Tuesday, 24 January 2012

The Ox-Bow Incident

Year:  1943
Director:  William A. Wellman
Screenplay:  Lamar Trotti, based on the novel The Ox-Bow Incident by Walter Van Tilburg Clark
Starring:  Henry Fonda, Dana Andrews, Mary Beth Hughes, Anthony Quinn
Running Time:  75 minutes
Genre:  Western, drama

This film takes the traditional Western movie and turns it into a bleak morality tale, which savagely condemns mob rule and vigilante violence.  Set in Nevada, 1885, the film opens with cowboy Gil Carter (Fonda) and his friend Art Croft (Harry Morgan) returning to the small town of Bridger's Wells.  The town has been suffering due to large numbers of cattle-rustling incidents, and the inhabitants are resentful and angry.  News reaches the town that a popular rancher has been murdered and his herd stolen.  Despite the protestations of Carter, preacher Sparks (Leigh Whipper) and elderly store-keeper Davies (Harry Davenport) a posse is soon formed to go after the killers.  Carter, Sparks and Davies are worried that the posse will turn into a lynch-mob, and execute any suspects themselves without any trial or due process of law.  The three protestors join the posse in the hope of talking them out of any violent action, but it may already be too late.

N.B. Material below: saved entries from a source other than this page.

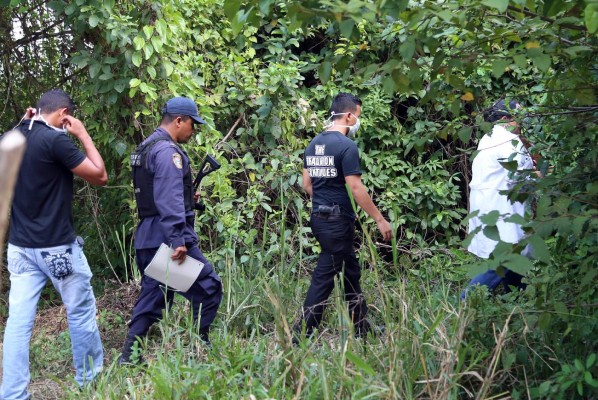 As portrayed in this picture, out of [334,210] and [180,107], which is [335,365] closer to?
[334,210]

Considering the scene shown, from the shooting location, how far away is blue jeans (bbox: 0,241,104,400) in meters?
4.83

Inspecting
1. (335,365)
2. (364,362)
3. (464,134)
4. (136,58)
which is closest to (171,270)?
(335,365)

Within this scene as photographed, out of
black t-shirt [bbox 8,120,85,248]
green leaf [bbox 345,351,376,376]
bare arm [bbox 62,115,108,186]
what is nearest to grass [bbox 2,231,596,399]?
green leaf [bbox 345,351,376,376]

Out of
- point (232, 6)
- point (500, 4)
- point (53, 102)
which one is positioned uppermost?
point (232, 6)

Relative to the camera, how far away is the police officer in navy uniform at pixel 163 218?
525cm

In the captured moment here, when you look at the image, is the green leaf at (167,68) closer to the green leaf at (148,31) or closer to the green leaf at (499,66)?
the green leaf at (148,31)

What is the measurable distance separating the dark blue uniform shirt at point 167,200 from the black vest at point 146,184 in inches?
1.5

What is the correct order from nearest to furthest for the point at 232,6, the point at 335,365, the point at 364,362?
the point at 232,6 < the point at 364,362 < the point at 335,365

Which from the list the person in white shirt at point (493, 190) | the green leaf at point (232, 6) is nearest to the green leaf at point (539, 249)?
the green leaf at point (232, 6)

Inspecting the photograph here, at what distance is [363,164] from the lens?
26.2ft

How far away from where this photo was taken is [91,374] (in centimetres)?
494

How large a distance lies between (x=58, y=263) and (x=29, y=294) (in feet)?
0.86

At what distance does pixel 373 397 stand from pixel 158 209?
200 cm

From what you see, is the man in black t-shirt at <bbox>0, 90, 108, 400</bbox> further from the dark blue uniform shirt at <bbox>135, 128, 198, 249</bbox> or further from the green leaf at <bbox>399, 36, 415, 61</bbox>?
the green leaf at <bbox>399, 36, 415, 61</bbox> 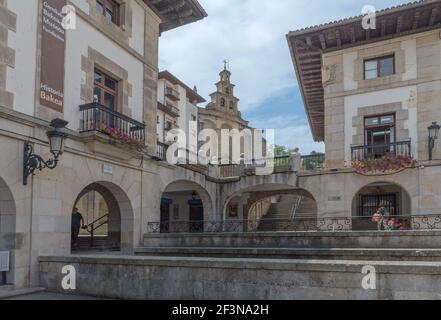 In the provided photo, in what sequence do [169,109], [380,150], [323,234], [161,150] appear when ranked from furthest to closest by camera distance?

The studio insisted that this film was shot cheaply on studio sets rather than on location, and this actually benefits the film, because the small studio space makes the film more intimate and claustrophobic than it might have been on an expansive location.  There is also very little of the traditional Western action, the film mostly being driven by character and dialogue.  Even the setting is different from the traditional oat opera, being mostly set at night, with repeated references to the bitter cold.  The characters are well drawn and even minor characters are developed with believable reasons for their actions (or inactions).  A haunted looking Fonda gives a great performance as a character who at first appears to be a mindless saloon-brawler but turns out to be one of the voices of conscience.     

Packing a lot into it's brief run time, this depicts a shockingly bleak and cynical view of human nature, and marks a turning point for the American Western genre, when it began to grow and develop and turn from romanticised adventure stories into a mature and valid genre which was capable of dealing straight on with mature, adult themes.